Choose specific, descriptive words when you are making any statement on the LSAT. Vague language weakens your writing because it forces the reader to guess what you mean instead of concentrating fully on your ideas and style.

WEAK: Mr. Brown is highly educated.
FORCEFUL: Mr. Brown has a master’s degree in business administration.

WEAK: She is a great communicator.
FORCEFUL: She speaks persuasively.

Notice that sometimes to be more specific and concrete, you will have to use more words than you may otherwise with vague language (as in the first example). This principle is not in conflict with the general objective of writing concisely. Being concise may mean eliminating unnecessary words.
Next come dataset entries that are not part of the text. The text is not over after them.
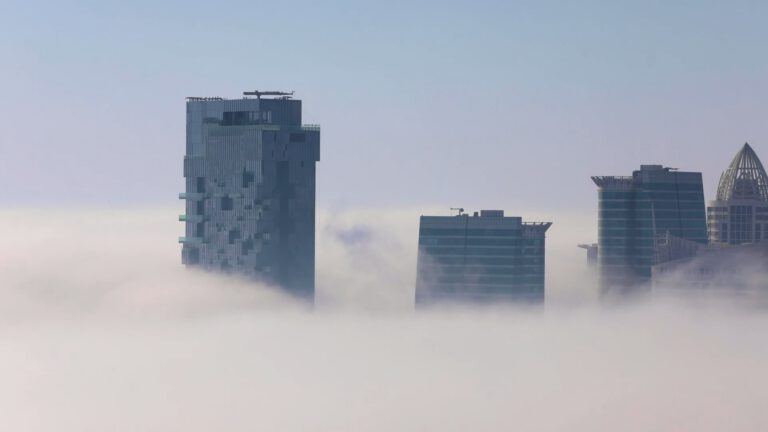 Skyscrapers peaking out of the clouds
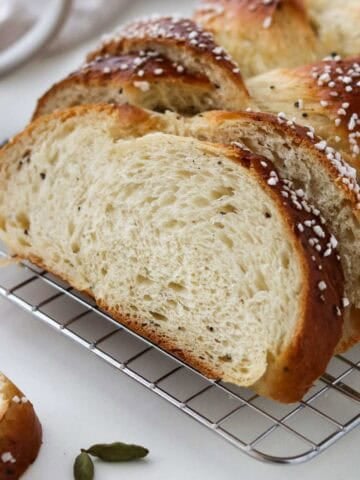 Cardamom Bread sliced on a cooling rack.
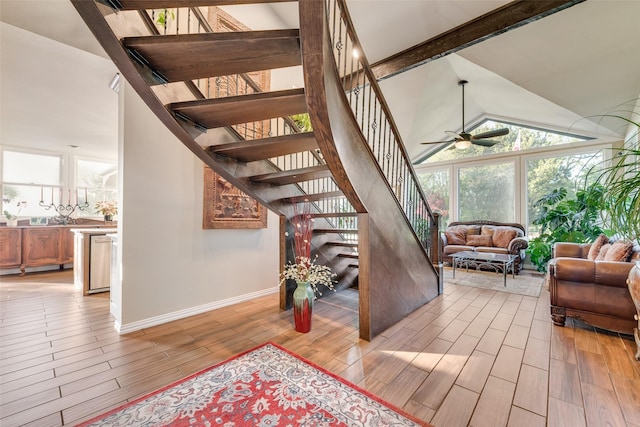 stairs with high vaulted ceiling, ceiling fan, wood tiled floor, baseboards, and beam ceiling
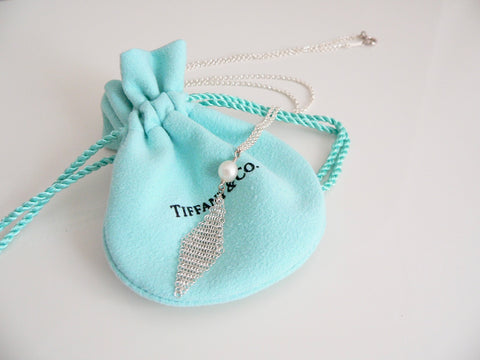 Silver necklace with a pearl pendant on a Tiffany & Co. branded blue drawstring bag.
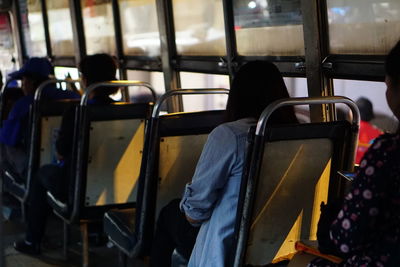 Full length of man sitting in train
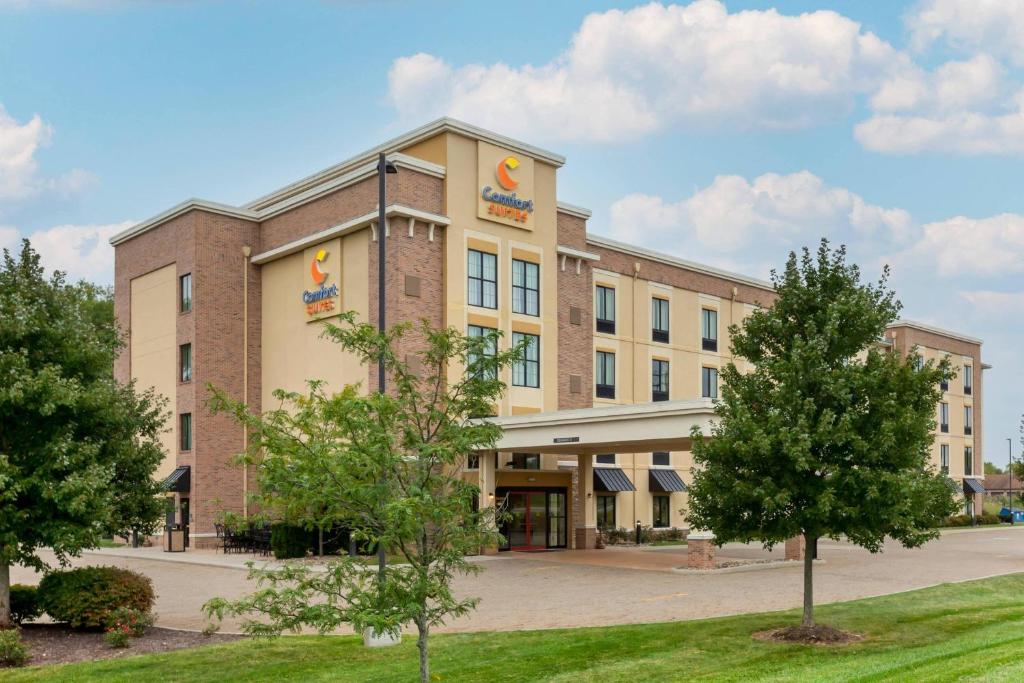 an office building with trees in front of it at Comfort Suites Hartville-North Canton in Uniontown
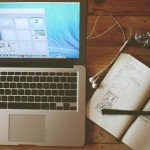 Picture of Apple laptop, writing tool, and paper notebook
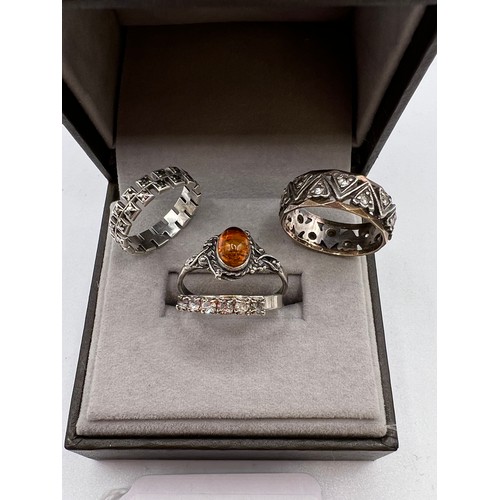 303 - 1x9ct gold & silver ring + 3 other rings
Avoiding vagueness may mean adding necessary words to illustrate your point.

Edit these sentences by reducing the vague language:

Drill #1.
The principal told John that he should not even think about coming back to school until he changed his ways.


Answer. The principal told John that he could not return to school until his behavior improved.

Drill #2. The police detective had to seek the permission of the lawyer to question the suspect.


Answer. The police detective had to ask the lawyer for permission to question the suspect.

Drill #3. Thousands of species of animals were destroyed when the last ice age occurred.


Answer. Thousands of animal species were destroyed in the last ice age.

Drill #4. The secretary was unable to complete the task that had been assigned.


Answer. The secretary was unable to type the document.